Growing up in Los Angeles and Paris, we both were raised secular and embraced atheism early and easily. It’s not that we didn’t ponder life’s mysteries; it’s just that after we reasoned away our religious questions, we stopped worrying about them and moved on. When we learned about the former pastor Jerry DeWitt’s struggles with being an “outed” atheist in rural Louisiana, we realized for the first time just how difficult being an atheist can be in some communities, where religion is woven deeply into the social fabric.

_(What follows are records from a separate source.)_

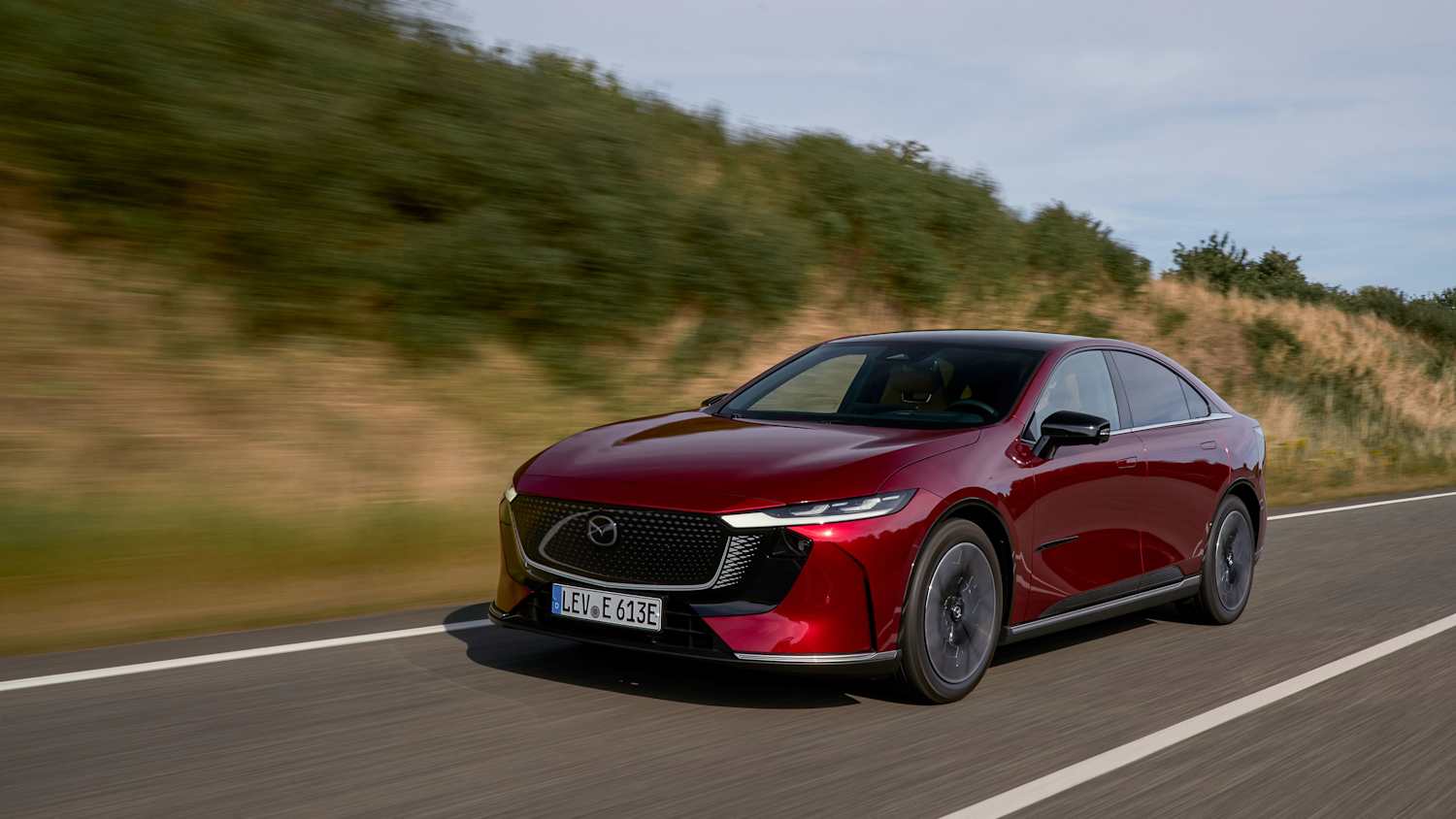 Der fahrende Mazda 6e von vorne auf einer Landstraße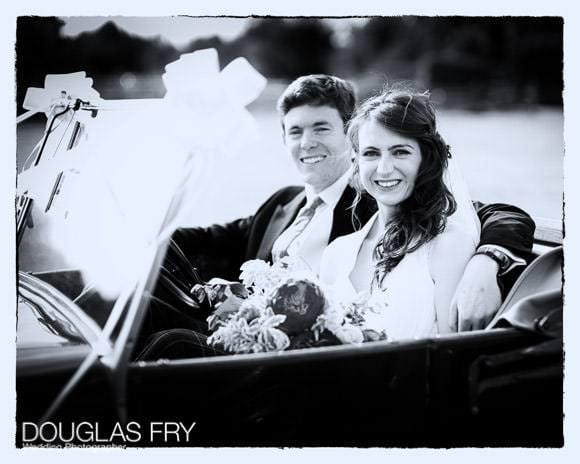 Black and white photograph of couple in wedding car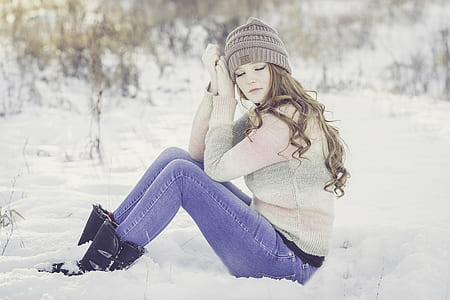 woman in grey sweater and blue jeans sitting on ground during daytime thumbnail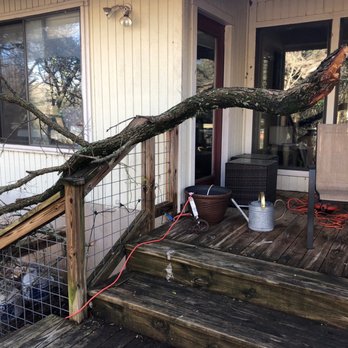 Four Seasons Landscape - a tree that has fallen on a porch - Tree Services Near Me - Spicewood, Texas Four Seasons Landscape - a tree that has fallen on a porch - Tree Services Near Me - Spicewood, Texas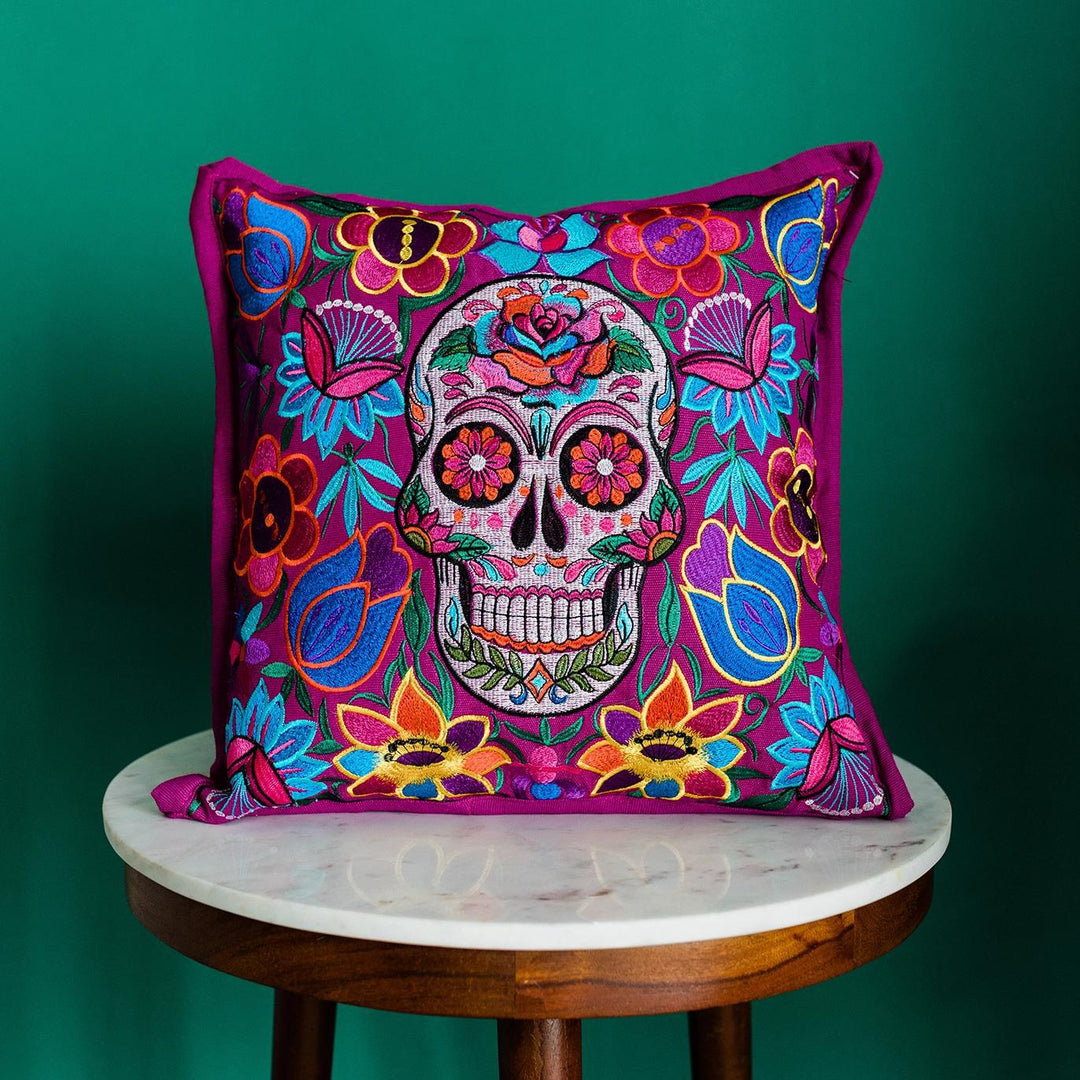 Colorful skull and floral patterned pillow on a small round table against a green background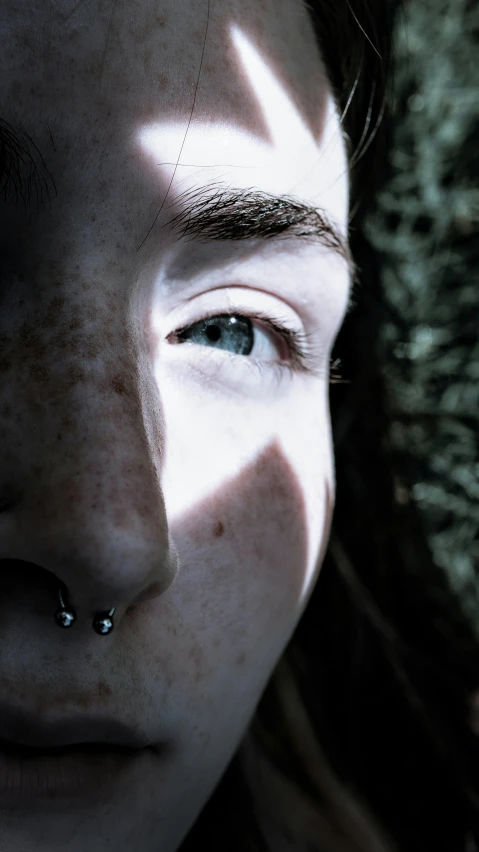 a woman has some piercings on her nose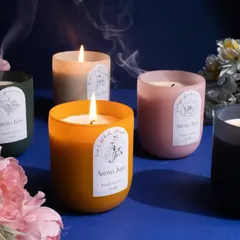 My scented luxury candles are designed to create a multi-sensory experience that helps you relax and unwind. This image captures the soothing glow of my frosted jar collection, surrounded by flowers to highlight their nature-inspired fragrances.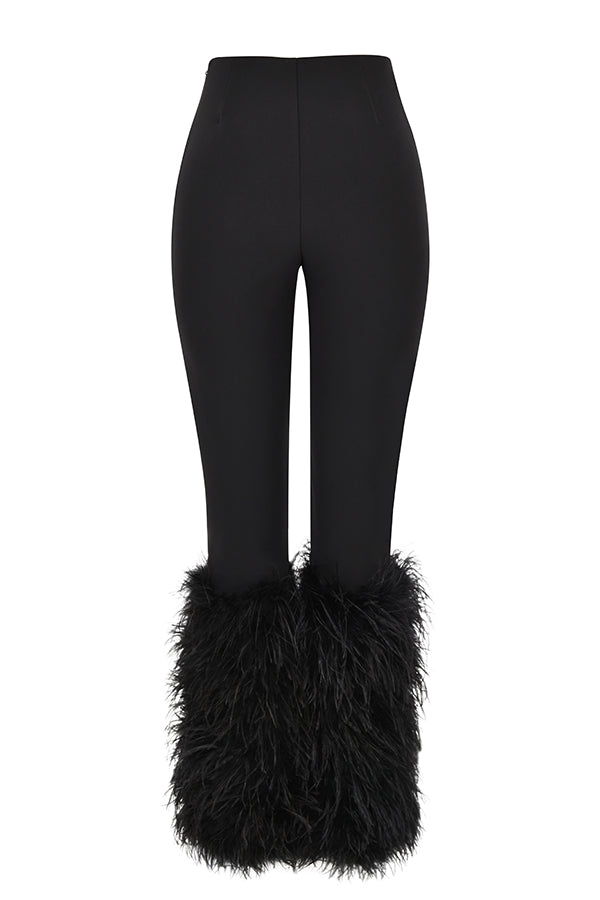 Corsetto di velluto nero con pantaloni cropped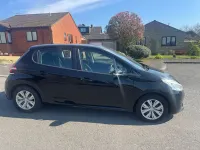 Używany Peugeot 208 Access 82 KM (60 kW) 2013 Czarny Hatchback
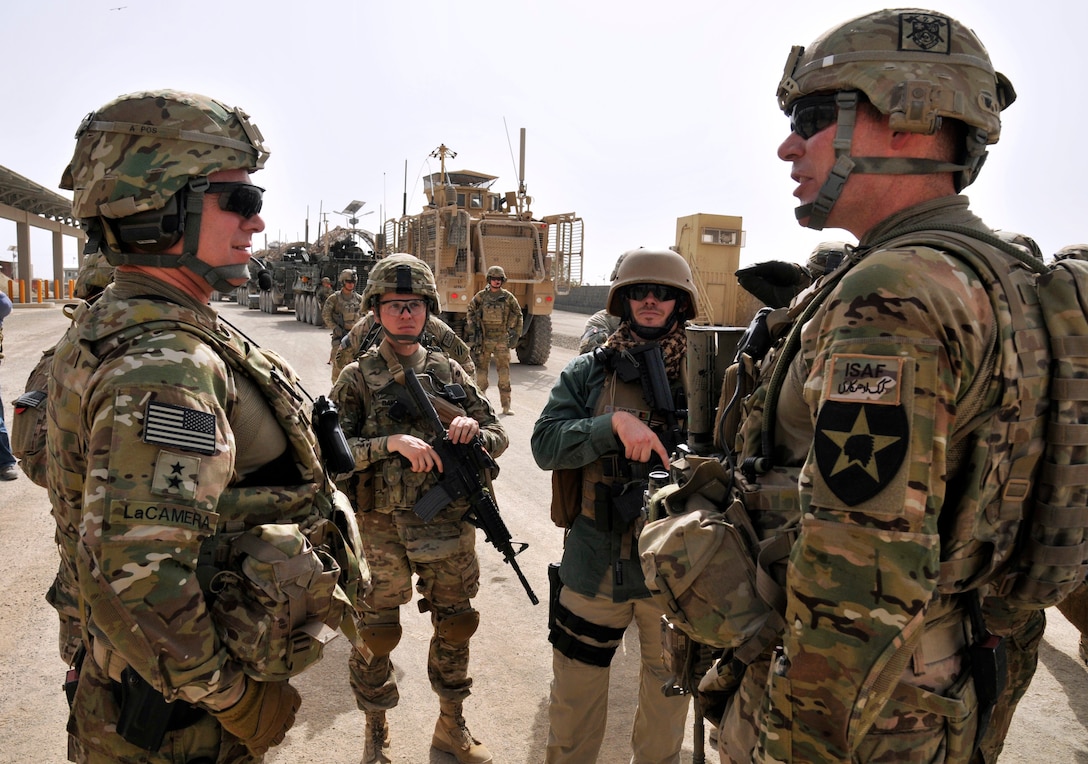 U.S. Army Maj. Gen. Paul J. LaCamera, left, the new commander of ...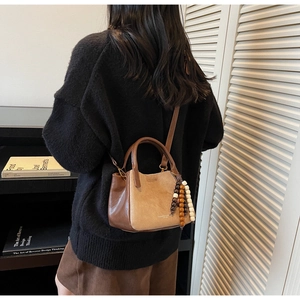 Detail der Vintage-Eimertasche mit Holzperlenquaste und Ledertextur an einem Modell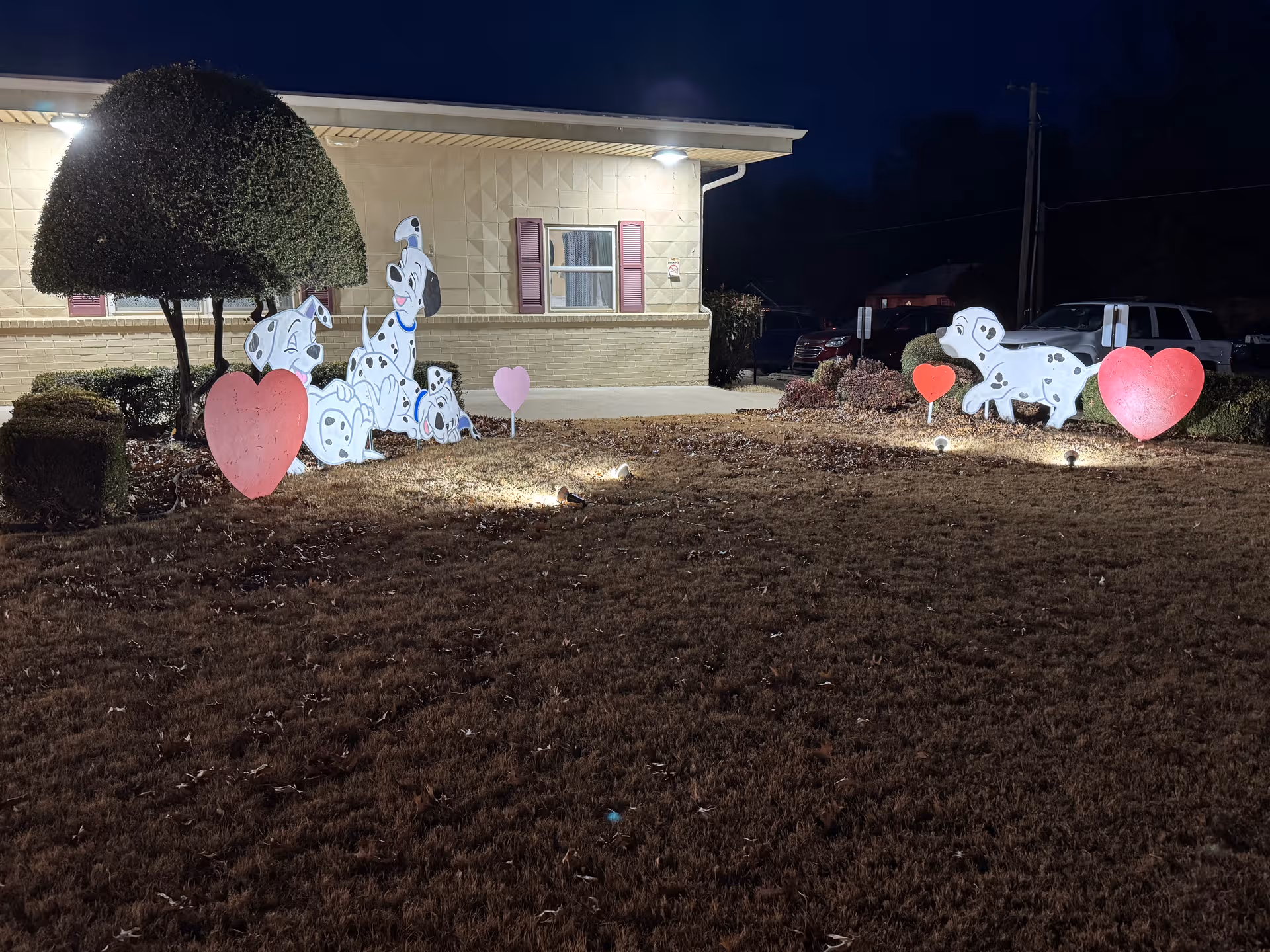 Night exterior of Cedarcrest Care Center with heart and dog-shaped lawn decorations.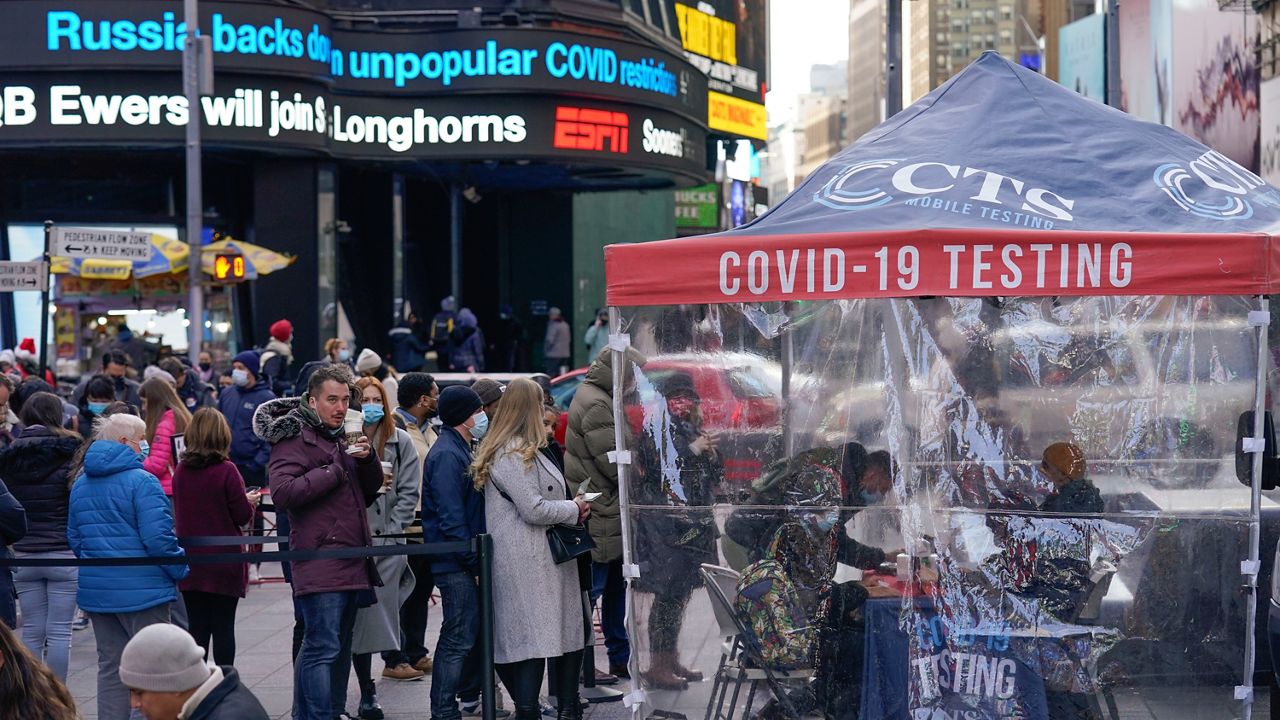 People wait in line at a COVID-19 testing site in Times Square, New York, Monday, Dec. 13, 2021. A mask mandate for shops and other indoor spaces in New York state took effect Monday as officials confront a surge in COVID-19 cases and hospitalizations. (AP Photo/Seth Wenig)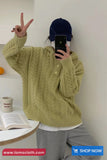 Person wearing a green cable knit sweater taking a selfie in a minimalistic room.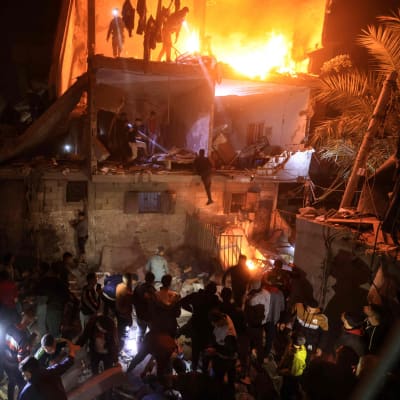 Människor i Rafah, i södra Gaza, letade efter offer i ett brinnande hus på onsdag kväll. den 6 december. 
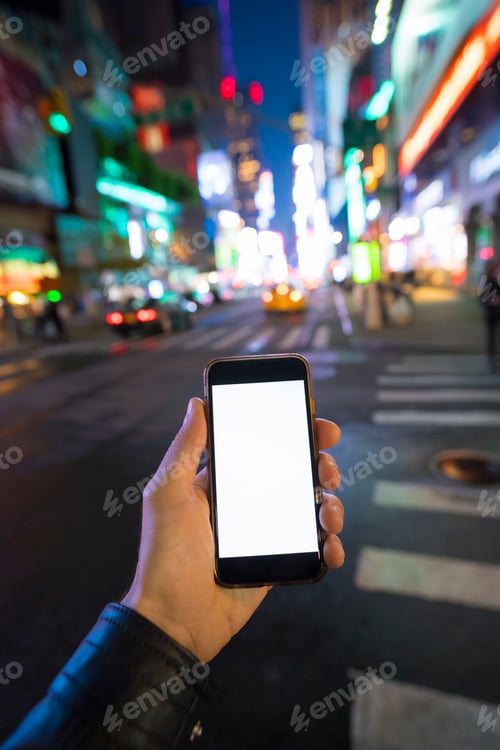Preview: hand holding phone at night in the city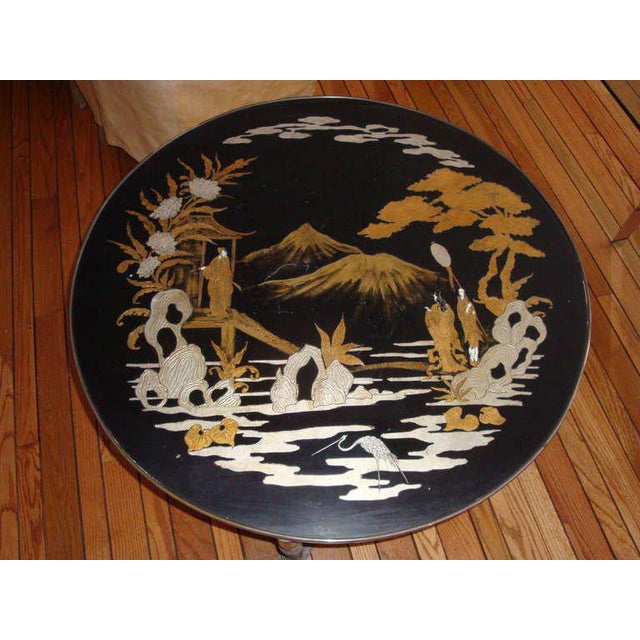 This is a 1970s gold and silver leaf painted Asian inspired round cocktail table. A trouvailles creation was a handmade...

This Op-Doc video shares those challenges, for Mr. DeWitt as he grapples with his changing social status, and for his community as it struggles to accommodate the idea of secular morality. This difficult conversation is becoming increasingly common in this country: As one Pew Research Center study showed, the percentage of American Christians is on the decline, from 78.4 percent in 2007 to 70.6 percent in 2014, and the number of religiously unaffiliated Americans, including atheists, is steadily growing (from 16.1 percent to 22.8 percent in that same time).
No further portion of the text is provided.